Reaprendi a viver. Soa exagerado a quem não valoriza nem entende a intensidade que um sentimento pode ter, mas para mim faz todo o sentido. Tive, de facto, que começar de novo e escolher um percurso diferente. Um percurso sozinho de quem deixou de seguir a meu lado. É dificil, mas tornou-se um dos meus maiores objectivos. Ter a capacidade de seguir em frente, conseguindo olhar para trás de cabeça e olhar erguido. Principalmente, sem mágoa nem ressentimento, apenas com a certeza de que o passado ao passado pertence e que é no futuro que devo investir.

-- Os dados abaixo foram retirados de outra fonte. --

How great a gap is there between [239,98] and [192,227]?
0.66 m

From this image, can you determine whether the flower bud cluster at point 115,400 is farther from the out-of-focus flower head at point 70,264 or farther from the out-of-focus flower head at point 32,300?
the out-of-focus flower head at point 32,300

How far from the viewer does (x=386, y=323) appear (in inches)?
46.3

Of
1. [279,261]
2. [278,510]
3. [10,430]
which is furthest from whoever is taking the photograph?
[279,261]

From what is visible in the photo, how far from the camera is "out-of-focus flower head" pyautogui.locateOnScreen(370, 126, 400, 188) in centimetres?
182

Cresci. É essa a conclusão que tiro hoje, quando me apercebo da serenidade que tenho em relação a tudo isto. Chego mesmo a pensar que não era suposto. Que há algo de errado nesta terapia de esquecimento improvisada. Mas talvez seja apenas esta a resposta. Cresci. Adquiri a capacidade, não de me conformar com as adversidades, mas de aprender com elas, e, principalmente, de as contornar mesmo quando estas se mostram incontornáveis. Nem sempre o caminho que temos de escolher é aquele que desejámos ou que pensámos ser o melhor para nós, mas é o caminho que temos que aceitar, incondicionalmente, fazendo dele o melhor que algum dia poderíamos percorrer.

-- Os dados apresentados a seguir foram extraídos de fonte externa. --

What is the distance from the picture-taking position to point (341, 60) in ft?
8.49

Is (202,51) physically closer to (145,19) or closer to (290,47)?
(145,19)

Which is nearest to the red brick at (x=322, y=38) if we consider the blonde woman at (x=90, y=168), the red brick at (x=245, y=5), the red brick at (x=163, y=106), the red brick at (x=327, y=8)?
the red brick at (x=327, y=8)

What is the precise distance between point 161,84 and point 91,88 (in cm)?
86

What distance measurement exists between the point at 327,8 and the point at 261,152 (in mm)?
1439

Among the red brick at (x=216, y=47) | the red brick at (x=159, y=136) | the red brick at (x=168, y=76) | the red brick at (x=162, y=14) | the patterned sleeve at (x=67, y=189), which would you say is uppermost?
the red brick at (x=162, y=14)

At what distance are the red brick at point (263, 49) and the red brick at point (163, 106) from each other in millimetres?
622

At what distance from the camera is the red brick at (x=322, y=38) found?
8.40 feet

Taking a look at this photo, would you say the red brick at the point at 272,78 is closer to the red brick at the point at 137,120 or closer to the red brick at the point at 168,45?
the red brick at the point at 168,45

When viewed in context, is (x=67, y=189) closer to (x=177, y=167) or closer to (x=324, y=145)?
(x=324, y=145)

Faz hoje, precisamente, um ano que iniciava uma nova etapa sem sequer me aperceber. Sabia, no fundo, que aquele dia iria ter algo de diferente, que mudaria a minha vida. Agora percebo todos os pressentimentos, todos os porquês que se criaram nesse dia e que se arrastaram até aqui. Porém, aqui pararam. Não permito que avancem mais.
Doeu, dói e irá continuar a doer. Talvez apenas por uns tempos, talvez para sempre. Talvez, mesmo, nunca ninguém perceba e continue a julgar o rumo que uma vez tomei. Mas nada, neste momento, me importa ou muito menos me tira a vontade de seguir em frente. Pelo contrário, só me dá mais força. Força para provar que a vida não se resume a isto. Pelo menos a minha vai ser muito mais.
"Todo o amor deste Mundo perdido num segundo, todo o riso transformado num olhar apagado, toda a fúria de viver afastada do meu ser, até que um dia acordei e vi que estava a perder toda a força que cresceu na vida que Deus me deu, uma vontade de gritar bem alto o meu amor morreu. Todo o Mundo há-de ouvir, todo o Mundo há-de sentir, tenho a força de mil homens para o que há-de vir."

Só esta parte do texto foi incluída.